I admit it. I turned off NPR driving my son to school yesterday. I didn’t want him to hear the news. I didn’t want him to know about Parkland.
I grew up going to school not worried about lockdowns and school shootings. I worried about mean girls, bullies, and the man that killed a girl with a 20-pound rock.
Are we becoming de-sensitized to school shootings? Can we just ignore each one? Can we turn off the news?
Guns vs. mental health.
Are these the discussions we want to have with our children?
Two weeks ago, my son’s school had a lockdown. A person with a firearm was reported walking by the school. I found out at the Coop. Another parent was there. Her husband said four police cars were in front of the school. Moments later my son texted, “We are in lockdown.”. I thought no. This isn’t real. It’s a false alarm. My son is protected. My son is safe.
My first instinct was to go to the school. Many parents in Florida did just that. Waiting for the next text from their children inside. I also know this could put my own safety at risk.
It was a false alarm. It was over quickly. The school learned from the experience. Blinds need fixing. Communication improved.
Are schools prepared? What sorts of drills should they have? How should parents be notified during a lockdown or incident or should schools wait until it’s over?
Schools avoid lockdown drills in response to school shootings in order not to provoke more anxiety; however, staff can practice without students. As a parent, I want to be notified when there is a lockdown. I don’t want to read it on social media.
In the district I used to teach in, a parent asked in response to Parkland if counselors would be available at the school to help children understand. This is not part of normal school policy. Counselors come after an incident. But don’t our children and ourselves need help now? What can we do? Shouldn’t we provide them with professional help now or is it not necessary?
How Do You Talk To Your Kids About School Shootings?
I didn’t, but I should.
The American Psychological Association offers the following advice:
- Be honest.
- Acknowledge “that bad things do happen”
- Reassure that parents, teachers and police work to keep them safe
- “Put their fears into proportion to the real risk”
- Limit exposure to media and news so children don’t see it over and over again.
- Look for early warning signs of anxiety like headaches and poor school performance.http://www.apa.org/topics/violence/school-shooting.aspx
NBC offers additional advice such as get your own anxiety under control before talking to your children.https://www.nbcnews.com/better/health/how-mental-health-experts-talk-their-kids-about-school-shootings-ncna845586
With each school shooting, parents wonder could this happen at my child’s school? We feel reluctant to drop them off. We consider homeschool.
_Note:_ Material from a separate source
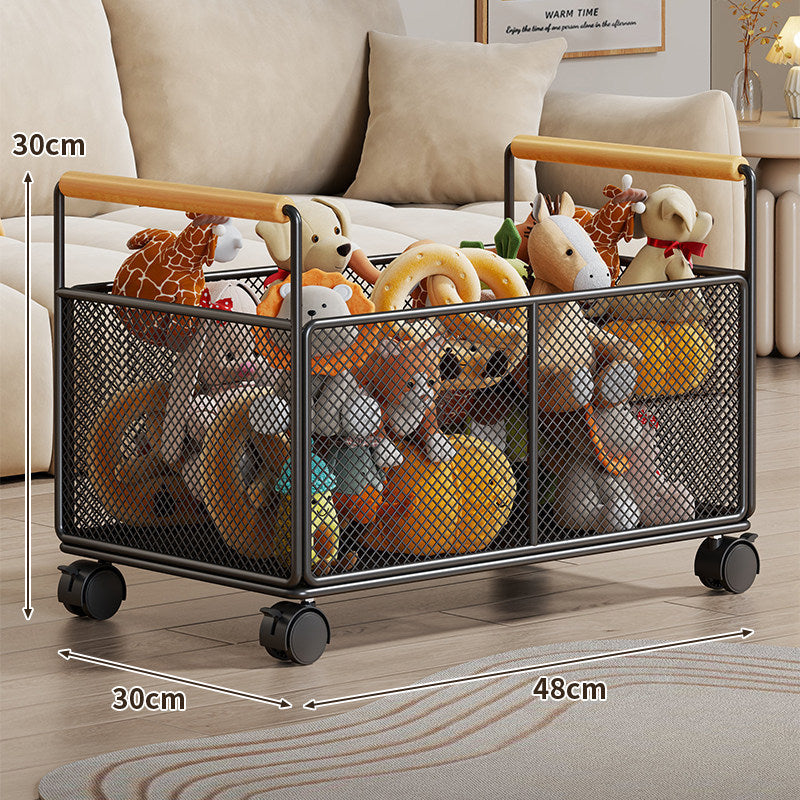 Breathable Diamond Mesh Toy & Home Storage Bin with Ergonomic Wooden Handles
The advice missing from all the experts is the most important: Be Kind. I see troubled kids in their early years lacking self-control and always in trouble for their behavior. Their peers begin to shun them. The adults keep a sharp eye on them just waiting for a mistake. I know. I’ve been that teacher. I was that substitute teacher today. At the end of the day, I told the boy that I really liked him. That I understood sometimes it was hard to listen and follow directions. But I liked him. I really liked him.
We wouldn’t have school shootings if kindness was our priority. We wouldn’t have school shootings if all children were loved, connected, and supported. We wouldn’t have school shootings if guns weren’t so readily available.
So I will continue to talk to my kids about being kind and compassionate.
It’s not the parents’ fault. It’s not the other students’ fault. It’s not the teachers’ fault. It’s society’s fault.
It takes a village.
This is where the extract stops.